**ACTIVITY:** If a line below includes the string "Street", copy it.

*** Opening DATA TO USE ***

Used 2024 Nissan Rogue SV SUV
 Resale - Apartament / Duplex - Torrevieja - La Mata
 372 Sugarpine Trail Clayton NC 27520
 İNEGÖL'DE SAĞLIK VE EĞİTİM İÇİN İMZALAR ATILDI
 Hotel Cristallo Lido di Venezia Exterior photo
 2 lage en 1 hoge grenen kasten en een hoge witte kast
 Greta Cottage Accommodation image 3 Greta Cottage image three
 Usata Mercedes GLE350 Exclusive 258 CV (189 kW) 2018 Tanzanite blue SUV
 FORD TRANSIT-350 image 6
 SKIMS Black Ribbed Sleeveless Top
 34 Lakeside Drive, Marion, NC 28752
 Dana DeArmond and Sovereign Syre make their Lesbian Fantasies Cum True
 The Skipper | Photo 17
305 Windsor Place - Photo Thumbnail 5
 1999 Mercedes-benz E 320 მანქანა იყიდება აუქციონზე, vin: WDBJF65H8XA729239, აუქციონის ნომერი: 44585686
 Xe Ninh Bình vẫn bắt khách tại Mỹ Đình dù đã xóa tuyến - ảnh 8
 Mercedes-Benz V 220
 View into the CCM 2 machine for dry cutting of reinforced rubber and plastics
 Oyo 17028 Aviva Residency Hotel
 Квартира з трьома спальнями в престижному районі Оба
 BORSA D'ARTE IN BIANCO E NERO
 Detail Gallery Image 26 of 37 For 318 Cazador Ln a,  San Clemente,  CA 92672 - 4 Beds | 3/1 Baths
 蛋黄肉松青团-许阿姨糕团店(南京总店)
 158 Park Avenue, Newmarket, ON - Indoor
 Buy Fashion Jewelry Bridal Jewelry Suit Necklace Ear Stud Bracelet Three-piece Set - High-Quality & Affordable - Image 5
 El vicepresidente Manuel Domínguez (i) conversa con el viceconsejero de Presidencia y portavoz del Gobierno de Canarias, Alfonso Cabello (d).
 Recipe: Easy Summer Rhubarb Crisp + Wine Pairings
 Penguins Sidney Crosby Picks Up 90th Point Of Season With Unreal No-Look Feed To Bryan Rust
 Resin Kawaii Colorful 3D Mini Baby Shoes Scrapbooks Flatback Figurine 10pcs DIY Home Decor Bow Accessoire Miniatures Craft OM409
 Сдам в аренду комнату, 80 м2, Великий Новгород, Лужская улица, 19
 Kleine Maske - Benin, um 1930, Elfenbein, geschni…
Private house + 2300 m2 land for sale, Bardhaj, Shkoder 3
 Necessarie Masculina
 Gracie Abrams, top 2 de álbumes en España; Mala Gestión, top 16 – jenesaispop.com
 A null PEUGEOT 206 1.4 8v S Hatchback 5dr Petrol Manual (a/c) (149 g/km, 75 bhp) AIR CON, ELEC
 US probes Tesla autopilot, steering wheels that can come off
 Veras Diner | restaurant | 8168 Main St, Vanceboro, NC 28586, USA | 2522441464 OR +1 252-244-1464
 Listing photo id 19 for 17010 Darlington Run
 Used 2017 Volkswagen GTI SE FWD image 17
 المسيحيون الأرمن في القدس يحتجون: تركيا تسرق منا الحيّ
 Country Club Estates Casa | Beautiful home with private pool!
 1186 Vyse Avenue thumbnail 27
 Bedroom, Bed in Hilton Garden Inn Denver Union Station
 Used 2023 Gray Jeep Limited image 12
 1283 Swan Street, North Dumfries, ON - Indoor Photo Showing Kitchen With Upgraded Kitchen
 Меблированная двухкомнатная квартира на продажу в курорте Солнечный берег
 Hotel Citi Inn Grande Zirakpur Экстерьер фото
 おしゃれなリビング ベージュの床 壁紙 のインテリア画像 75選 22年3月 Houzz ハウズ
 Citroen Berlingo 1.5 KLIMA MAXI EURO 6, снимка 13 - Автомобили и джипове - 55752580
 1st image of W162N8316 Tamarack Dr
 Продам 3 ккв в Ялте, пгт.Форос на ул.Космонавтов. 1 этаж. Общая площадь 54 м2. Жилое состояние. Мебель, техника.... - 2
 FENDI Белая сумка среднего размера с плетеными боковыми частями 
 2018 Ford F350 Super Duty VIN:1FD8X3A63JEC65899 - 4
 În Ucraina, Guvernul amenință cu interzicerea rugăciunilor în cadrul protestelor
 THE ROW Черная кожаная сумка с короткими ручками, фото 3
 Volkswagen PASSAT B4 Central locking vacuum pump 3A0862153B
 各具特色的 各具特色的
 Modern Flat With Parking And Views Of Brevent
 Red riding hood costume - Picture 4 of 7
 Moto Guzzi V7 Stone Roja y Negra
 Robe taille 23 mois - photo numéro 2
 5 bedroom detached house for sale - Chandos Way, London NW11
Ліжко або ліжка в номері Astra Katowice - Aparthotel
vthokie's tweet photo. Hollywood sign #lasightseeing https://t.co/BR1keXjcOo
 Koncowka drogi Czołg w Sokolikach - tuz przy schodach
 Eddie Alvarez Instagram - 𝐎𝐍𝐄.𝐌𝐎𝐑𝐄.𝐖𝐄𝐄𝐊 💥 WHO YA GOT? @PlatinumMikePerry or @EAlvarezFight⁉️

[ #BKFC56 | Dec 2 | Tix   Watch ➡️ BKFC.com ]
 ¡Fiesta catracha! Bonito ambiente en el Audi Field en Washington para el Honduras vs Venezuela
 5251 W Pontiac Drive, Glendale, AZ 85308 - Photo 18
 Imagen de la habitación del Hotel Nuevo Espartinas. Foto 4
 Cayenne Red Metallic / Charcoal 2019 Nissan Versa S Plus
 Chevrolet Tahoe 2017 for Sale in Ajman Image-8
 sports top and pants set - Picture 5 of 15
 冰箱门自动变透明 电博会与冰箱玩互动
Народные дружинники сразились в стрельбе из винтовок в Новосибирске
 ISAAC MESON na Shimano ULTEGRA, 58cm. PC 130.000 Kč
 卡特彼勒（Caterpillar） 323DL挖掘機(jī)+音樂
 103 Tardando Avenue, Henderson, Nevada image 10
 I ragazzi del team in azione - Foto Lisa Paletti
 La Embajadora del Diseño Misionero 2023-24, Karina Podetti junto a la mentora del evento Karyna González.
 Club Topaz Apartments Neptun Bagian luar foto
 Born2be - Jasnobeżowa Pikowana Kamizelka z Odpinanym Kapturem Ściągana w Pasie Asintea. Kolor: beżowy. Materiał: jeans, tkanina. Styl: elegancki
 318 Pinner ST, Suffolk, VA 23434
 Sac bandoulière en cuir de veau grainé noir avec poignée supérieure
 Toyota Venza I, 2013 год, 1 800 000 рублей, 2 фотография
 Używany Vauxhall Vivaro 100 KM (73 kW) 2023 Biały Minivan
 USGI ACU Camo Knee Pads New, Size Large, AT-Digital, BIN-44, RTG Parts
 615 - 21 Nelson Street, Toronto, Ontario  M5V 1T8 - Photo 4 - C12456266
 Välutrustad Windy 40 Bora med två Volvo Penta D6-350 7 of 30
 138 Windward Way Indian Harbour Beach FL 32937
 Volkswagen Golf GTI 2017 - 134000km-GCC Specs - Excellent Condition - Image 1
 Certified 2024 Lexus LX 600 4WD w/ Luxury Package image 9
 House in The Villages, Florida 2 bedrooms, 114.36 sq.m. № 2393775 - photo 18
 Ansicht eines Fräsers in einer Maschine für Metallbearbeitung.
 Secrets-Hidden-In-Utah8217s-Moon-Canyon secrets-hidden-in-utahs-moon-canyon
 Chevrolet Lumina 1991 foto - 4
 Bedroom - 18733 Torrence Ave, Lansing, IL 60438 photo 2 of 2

*** Closing DATA TO USE ***

**RESULT FOR THIS EXERCISE:**
 1283 Swan Street, North Dumfries, ON - Indoor Photo Showing Kitchen With Upgraded Kitchen
 615 - 21 Nelson Street, Toronto, Ontario  M5V 1T8 - Photo 4 - C12456266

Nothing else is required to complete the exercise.